The plot tells the story of Jenna (Keri Russell), a young woman working
as a pie maker and waitress at Joe's Pie Shop. Jenna has a genius
for making pies, relying on the inspiration of the moment for both
ingredients and names for her famous pies. For example, when she finds
out-to her dismay-that she's pregnant, she makes "Bad Baby Pie"
and "I Hate my Husband Pie," both of which are culinary
delights. (I suspect the film's working title once may have been "Waitress
Pie.") Jenna's husband Earl (Jeremy Sisto) is a classic example
of arrested development: when he finds out she's pregnant, he makes
her promise never to love the baby more than she loves him. He also
collects her tips at the end of the day, expects her to anticipate
his needs and refuses to let her have money to enter a national pie-baking
contest. As far as he's concerned, she needs nothing but him.
Jenna's fellow waitresses, Becky (Cheryl Hines) and Dawn (director
Adrienne Shelly), both have problems, but neither would trade places
with Jenna because of her husband. Things begin to change when Jenna
finds her regular doctor replaced by the handsome Dr. Pomatter (Nathan
Fillion of Firefly and Serenity). How all of these characters intertwine,
and how screenwriter Shelly paints the story into a corner and then
manages to extricate her characters, makes an interesting story, one
that's light but with enough realism to undercut the sweetness of
some of these pies.
The acting is solid across the board without being flashy. Hines and
Shelly have the banter and brass of waitresses trying to make the
best of their marital situations, Jenna is sympathetic, Earl is slimy
and Fillion makes a solid romantic comedy lead. Throw in Eddie Jemison
as Ogie, the Pee Wee Herman-style boyfriend of Dawn, and Andy Griffith
as the curmudgeonly deus-ex-machina owner of the diner, and it's a
collection of recognizable, but interesting characters.

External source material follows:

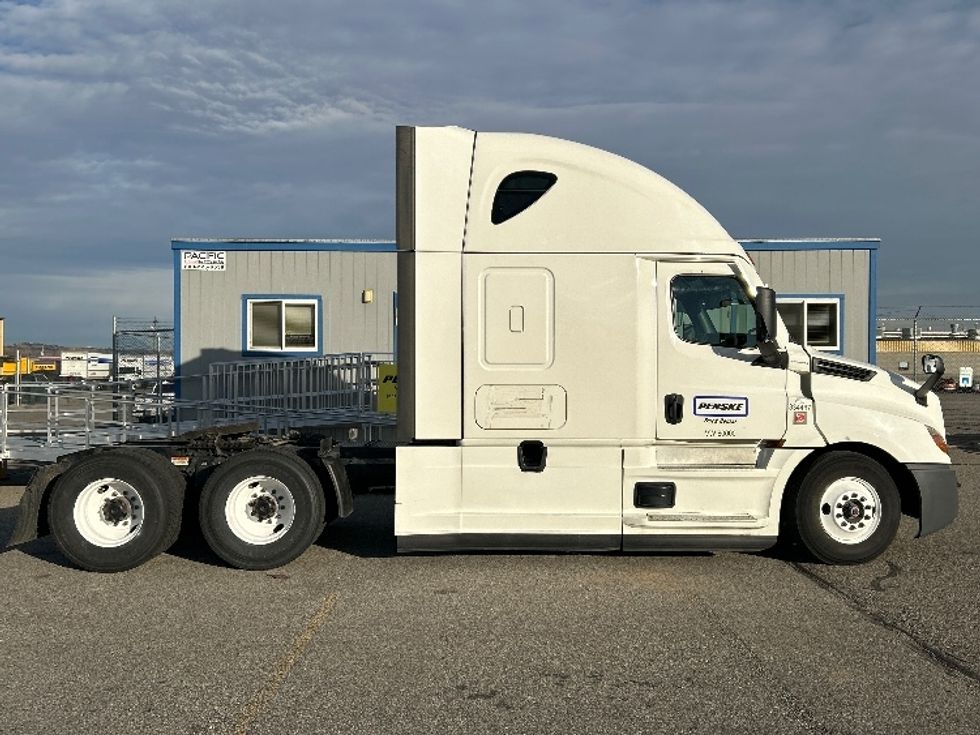 Sleeper Tractor-Heavy Duty Tractors-Freightliner-2021-T12664ST-Billings-MT-609,653\n\t\tmiles-$ 66,750 - Image 8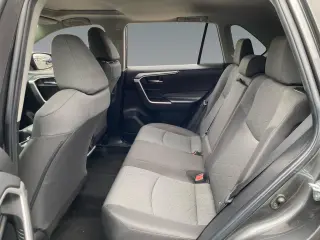Toyota RAV4 2023 XLE 4dr SUV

The colors are bright, the pies look scrumptious-especially "Lonely
Chicago" pie-and the ordinary settings are exactly right for
this little story about female friendship, food, love and following
your dreams. The movie will not overwhelm you, but it will pull you
in, and you'll smile at the end.
The only down note about the film is that after it was finished but
before it premiered at Sundance, the director, screenwriter and actress
Shelly was murdered in a bizarre incident in the apartment she was
using as an office in New York City. She and a young immigrant construction
worker quarreled over the noise he was making in the apartment below,
and he punched her. Thinking she was dead, he carried her upstairs
and hanged her from the shower rod with a bed sheet, hoping people
would think she committed suicide. Later, as police investigated tracks
in the bathtub, he confessed and was indicted. As an actress, Shelly
had worked with Hal Hartly in The Unbelievable Truth and other films.
As Waitress demonstrates, she was well on her way to becoming a solid
director, and her light tone and humorous writing will be missed in
the independent film world.
La Vie en Rose (La Mome)
Olivier Dahan's film account of French singer Edith Piaf has tended
to polarize critics, from numerous comments about the film being "disjointed"
and "a cliché" to Parade's Walter Scott's belief
that it is "one of the best biopics ever."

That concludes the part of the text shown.